They are all doing well and I am about to add some injectable CO2 (brewer's yeast and sugar with a DIY kit).

My concern is that algae is growing on the swords, the aquarium dividers (macrame canvass from a DIY project I did) and on some of the ornaments.

I leave my lights on for about twelve hours. And I leaving them on too long?

How long do you guys leave your lights on for your plants?

SunSchein89
07-15-2010, 09:43 AM
I have three planted tanks and all of them get 12 straight hours of light a day. I have a little bit of algae here and there, but it's kept under control to a point where I like a little bit of it to complete the natural look; it's not overwhelming. Algae is pretty normal, especially at first. The trick is to find the right balance of light and nutrients which can take awhile; really you just have to play around with it and give it some time to figure out what works best.

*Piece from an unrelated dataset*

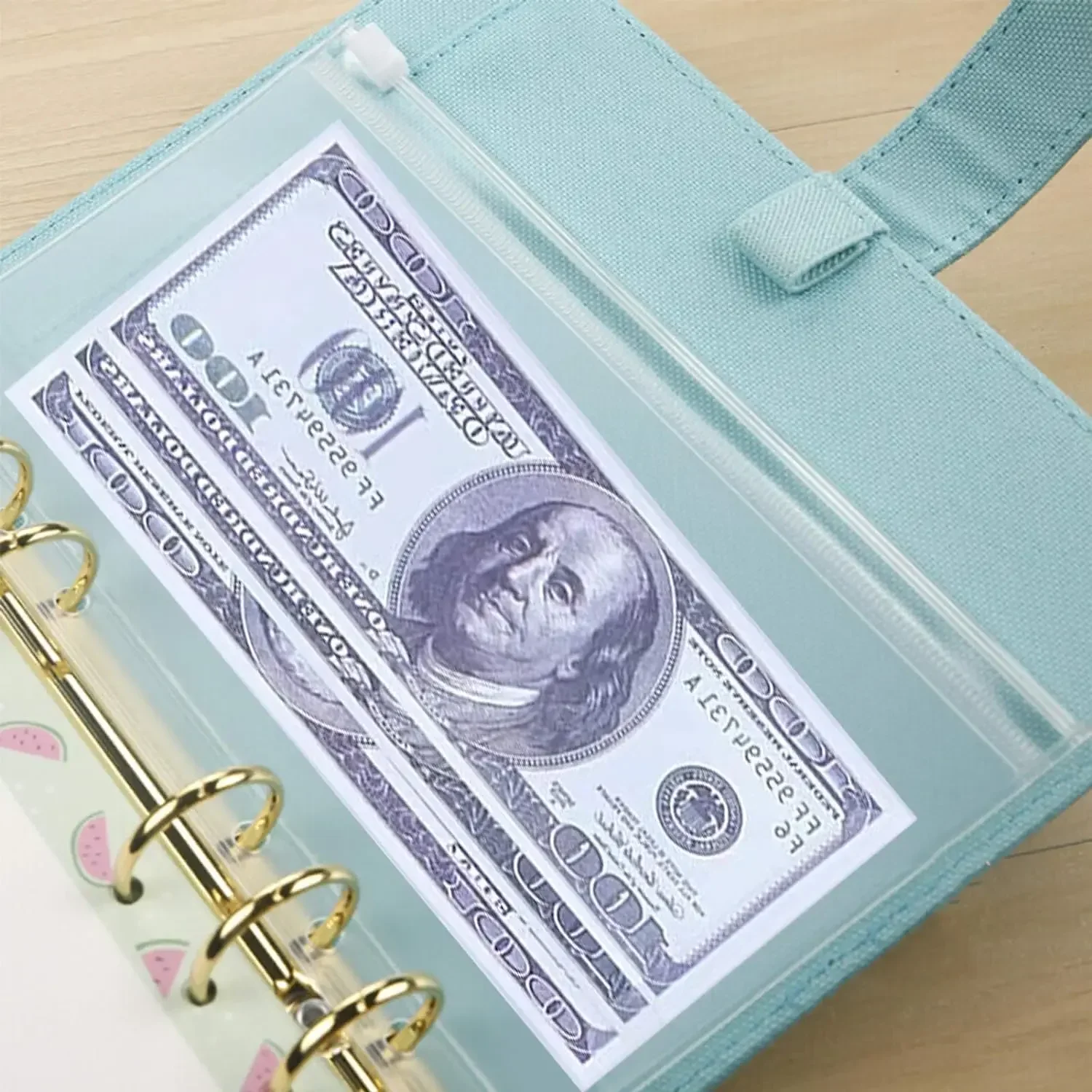 PVC Cash Budget Envelopes Loose Leaf Bag 6-Hole Zipper Binder Pockets Waterproof For Binder Notebook Planner for A6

A few things you can try to combat algae for now...

- Break up your light cycle in the middle. You can still keep it on for 12 hours, but try putting a 3 or 4 hour break inbetween. You could even shorten your light cycle a little bit down to maybe 10 total if you don't want a light on in the room for that long. Algae needs long periods of light to grow, whilst plants can almost immediately start photosynthesizing when the lights come back on.

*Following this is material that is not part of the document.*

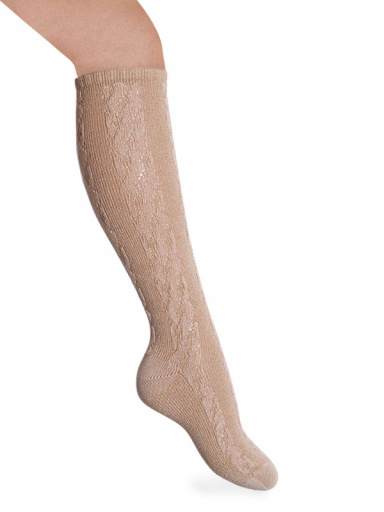 Calcetines altos labrados Haya Peanut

- Invest in a couple otocinclus catfish. They do wonders for cleaning algae off of plants in smaller tanks, produce little bioload, don't take up much space in the water column that your fish use, and get along fine with most fish. Even dwarf puffers leave them alone when they pick on most other living things in their path. Three or four in a 10 gallon tank can be done no problem.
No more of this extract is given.